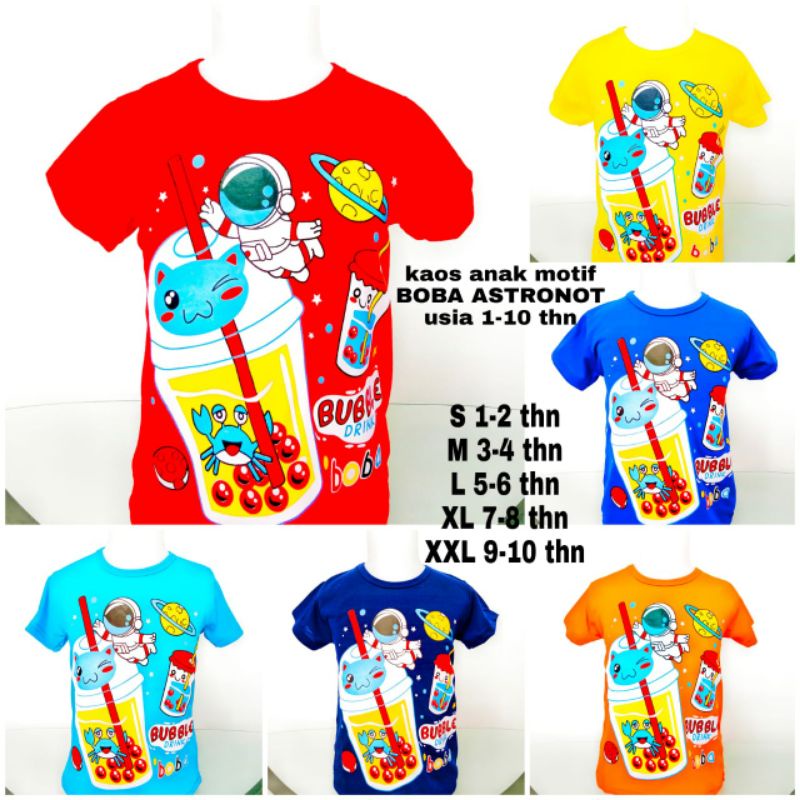 Baju anak cowok cewek kaos anak / Baju atasan anak untuk usia 1-10tahun berkarakter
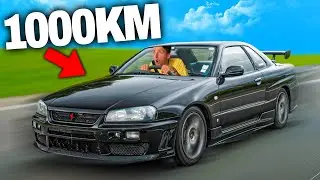 1000KM WITH MY NISSAN SKYLINE GTR !!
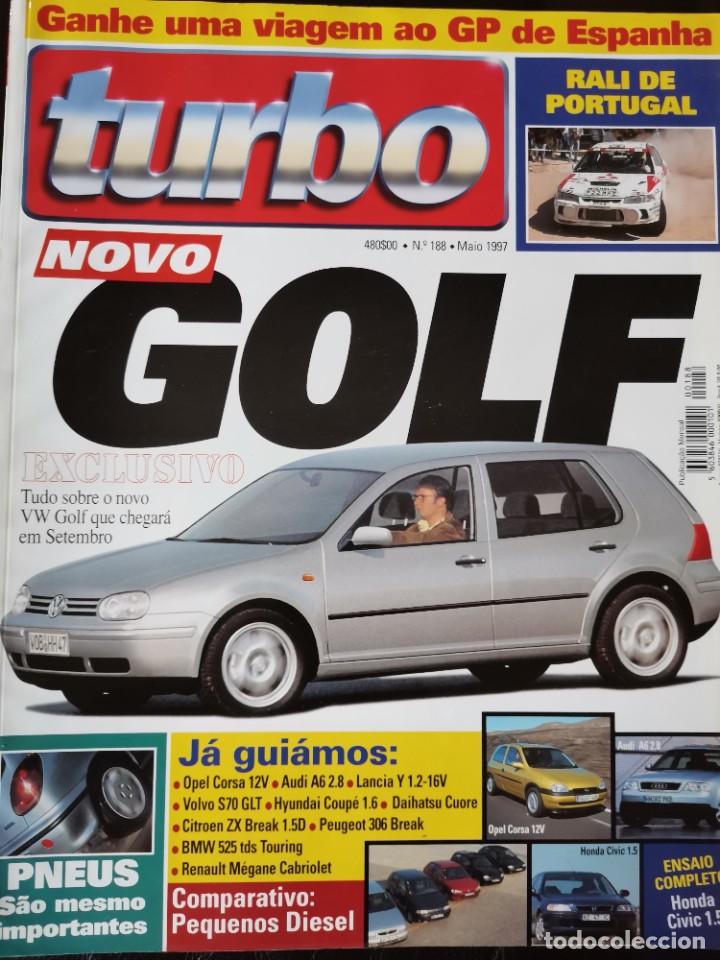 Coches: 1997 REVISTA TURBO - ENSAIO COMPLETO HONDA CIVIC 1.5 - NOVO VW GOLF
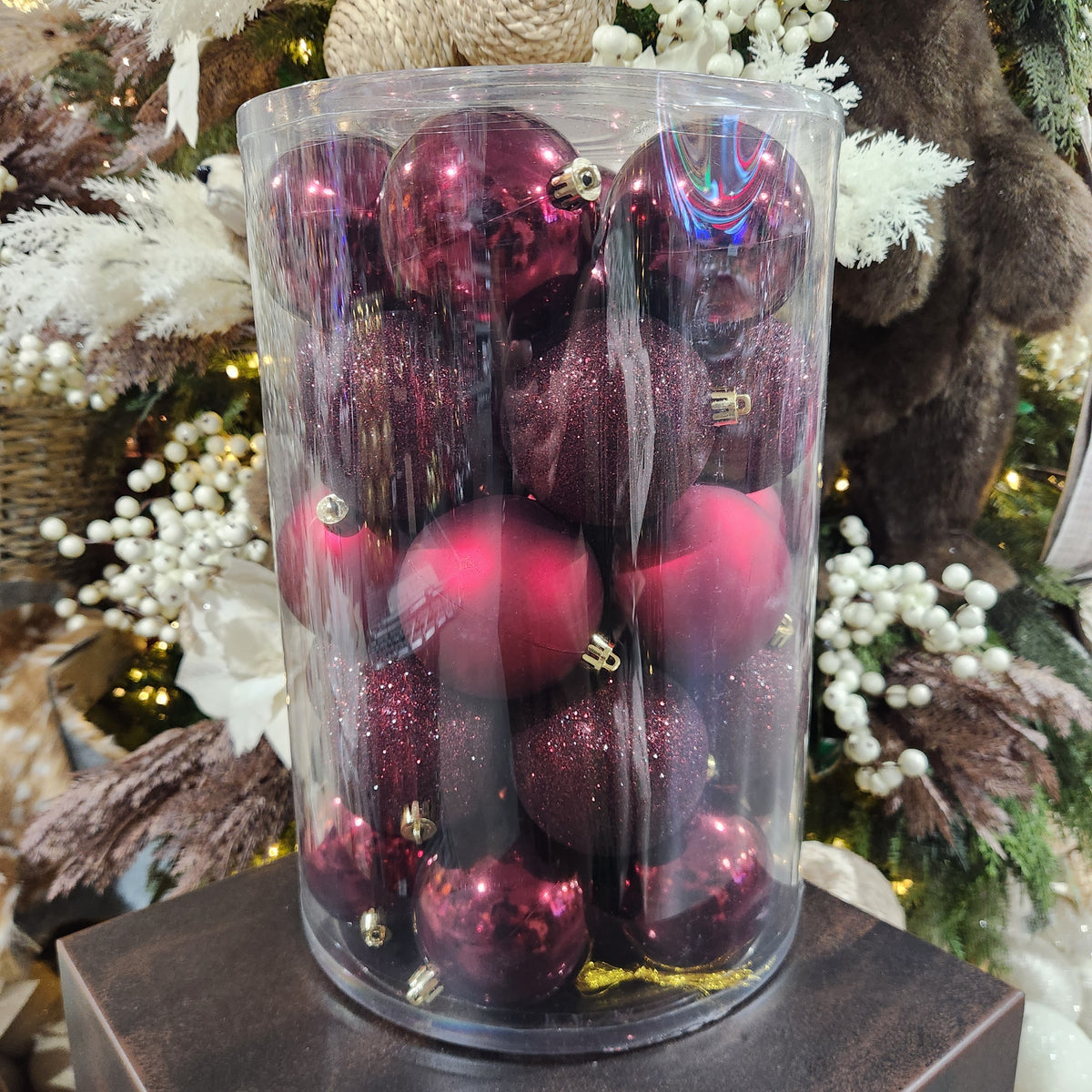 3" Wine Red Unbreakable Balls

▸ YOUR INSTRUCTIONS:
Would you give the data above again word for word, skipping any images?

▸ RESPONSE BOX:
 Baju anak cowok cewek kaos anak / Baju atasan anak untuk usia 1-10tahun berkarakter
 1000KM WITH MY NISSAN SKYLINE GTR !!
 Coches: 1997 REVISTA TURBO - ENSAIO COMPLETO HONDA CIVIC 1.5 - NOVO VW GOLF
 3" Wine Red Unbreakable Balls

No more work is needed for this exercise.